Pur non riconoscendo formalmente lo Stato di Israele, lo sceicco Yassin stava compiendo così un grande passo. Tuttavia, è lecito ipotizzare che proprio questa apertura politica abbia provocato l’esecuzione mirata dello sceicco da parte del governo israeliano guidato dall’ex premier Ariel Sharon, contrario a ogni forma di accordo con i palestinesi. L’idea di una tregua a lungo termine viene però ripresa dai successori dello sceicco Yassin.

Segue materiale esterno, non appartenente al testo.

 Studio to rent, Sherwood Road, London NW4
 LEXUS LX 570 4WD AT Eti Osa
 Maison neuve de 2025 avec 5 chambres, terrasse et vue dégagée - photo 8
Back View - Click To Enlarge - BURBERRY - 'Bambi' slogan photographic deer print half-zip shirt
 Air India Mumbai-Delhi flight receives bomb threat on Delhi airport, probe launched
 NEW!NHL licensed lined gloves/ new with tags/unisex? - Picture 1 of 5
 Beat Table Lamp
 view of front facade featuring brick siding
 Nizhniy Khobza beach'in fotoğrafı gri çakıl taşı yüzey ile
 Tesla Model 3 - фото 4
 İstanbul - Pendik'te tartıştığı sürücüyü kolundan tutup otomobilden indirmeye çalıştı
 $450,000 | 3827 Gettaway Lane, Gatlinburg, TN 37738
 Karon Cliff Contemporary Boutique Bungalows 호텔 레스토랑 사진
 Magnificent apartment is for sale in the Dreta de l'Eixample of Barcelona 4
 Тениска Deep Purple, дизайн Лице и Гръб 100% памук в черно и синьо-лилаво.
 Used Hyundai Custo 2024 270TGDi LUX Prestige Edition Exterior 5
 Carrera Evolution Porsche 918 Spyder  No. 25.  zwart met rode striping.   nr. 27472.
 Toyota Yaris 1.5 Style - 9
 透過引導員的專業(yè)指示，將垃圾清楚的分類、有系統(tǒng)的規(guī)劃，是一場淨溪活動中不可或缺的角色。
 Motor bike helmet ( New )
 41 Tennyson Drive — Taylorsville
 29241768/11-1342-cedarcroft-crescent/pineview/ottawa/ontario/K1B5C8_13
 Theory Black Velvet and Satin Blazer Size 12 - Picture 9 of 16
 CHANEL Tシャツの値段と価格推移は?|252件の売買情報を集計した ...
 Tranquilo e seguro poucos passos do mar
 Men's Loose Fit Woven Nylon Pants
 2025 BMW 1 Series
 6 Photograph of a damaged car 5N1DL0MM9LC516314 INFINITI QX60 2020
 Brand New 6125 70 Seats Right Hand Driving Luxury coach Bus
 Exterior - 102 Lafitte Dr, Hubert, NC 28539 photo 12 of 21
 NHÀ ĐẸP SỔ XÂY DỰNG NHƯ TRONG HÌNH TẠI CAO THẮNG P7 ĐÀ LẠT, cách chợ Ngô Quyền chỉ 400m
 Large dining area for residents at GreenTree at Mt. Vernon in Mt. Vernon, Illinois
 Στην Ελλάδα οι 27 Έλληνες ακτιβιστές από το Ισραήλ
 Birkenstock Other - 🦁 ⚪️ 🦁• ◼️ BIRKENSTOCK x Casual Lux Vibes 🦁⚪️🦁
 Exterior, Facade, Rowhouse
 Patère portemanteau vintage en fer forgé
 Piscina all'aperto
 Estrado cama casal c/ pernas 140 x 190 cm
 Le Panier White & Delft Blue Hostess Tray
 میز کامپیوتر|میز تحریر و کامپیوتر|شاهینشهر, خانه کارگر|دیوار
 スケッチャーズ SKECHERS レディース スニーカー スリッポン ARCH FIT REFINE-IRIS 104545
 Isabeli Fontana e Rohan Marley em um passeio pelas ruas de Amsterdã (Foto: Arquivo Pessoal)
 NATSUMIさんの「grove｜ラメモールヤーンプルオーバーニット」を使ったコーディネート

Nel frattempo, dopo la decisione di sospendere gli attentati suicidi nel 2005, Hamas decide di entrare a pieno titolo nella scena politica palestinese presentando dei propri candidati alle elezioni parlamentari del 2006, pur continuando a non riconoscere gli accordi di Oslo. Il partito islamista vince le elezioni, conquistando 76 seggi su 132 grazie al 43% dei voti contro il 40% di Al-Fatah, il partito fondato da Yasser Arafat e guidato da Mahmoud Abbas, noto con il nome di Abu Mazen. E proprio il presidente dell’ANP a nominare il leader di Hamas Ismail Haniyeh come primo ministro... ma a causa delle tensioni con Al-Fatah, Haniyeh rassegna le dimissioni nel 2007. Intanto a Gaza, Hamas prende il potere con le armi, il che porta all’espulsione dei leader di Al-Fatah, sospettati di organizzare un golpe contro Hamas.

Il nuovo statuto del 2017

Tutti i tentativi di riconciliazione tra Hamas e Al-Fatah falliscono. La Palestina resta divisa in due territori, da una parte la Striscia di Gaza guidata da Hamas, dall’altra la Cisgiordania sotto la guida di Al-Fatah. A Gaza, sottoposta a un duro embargo da parte di Israele da una parte e dell’Egitto dall’altra, Hamas prosegue la lotta armata con il lancio di razzi contro il territorio israeliano, azioni incomparabili rispetto ai raid israeliani con migliaia di morti. Ciò non preclude l’ulteriore evoluzione politica di Hamas con un nuovo statuto pubblicato nel 2017, in cui il movimento islamista accetta la creazione di uno stato palestinese delimitato tra Gaza e Cisgiordania con capitale Gerusalemme Est entro i confini stabiliti prima della guerra del 1967.

Il nuovo statuto non abroga formalmente la carta fondativa del 1988, ma riprende alcuni punti del testo originale e ne modifica altri. Oltre a non sostenere più l’eliminazione dello Stato di Israele, il nuovo documento attenua i toni antisemiti presenti nel primo statuto del 1988. Hamas non lotta più contro gli ebrei, ma “contro i sionisti che occupano la Palestina”. Nel nuovo statuto, Hamas si discosta da una legittimità di carattere puramente religioso, facendo appello al diritto internazionale.

1La hudna è un termine arabo che significa “tregua” o “armistizio”, [NdT].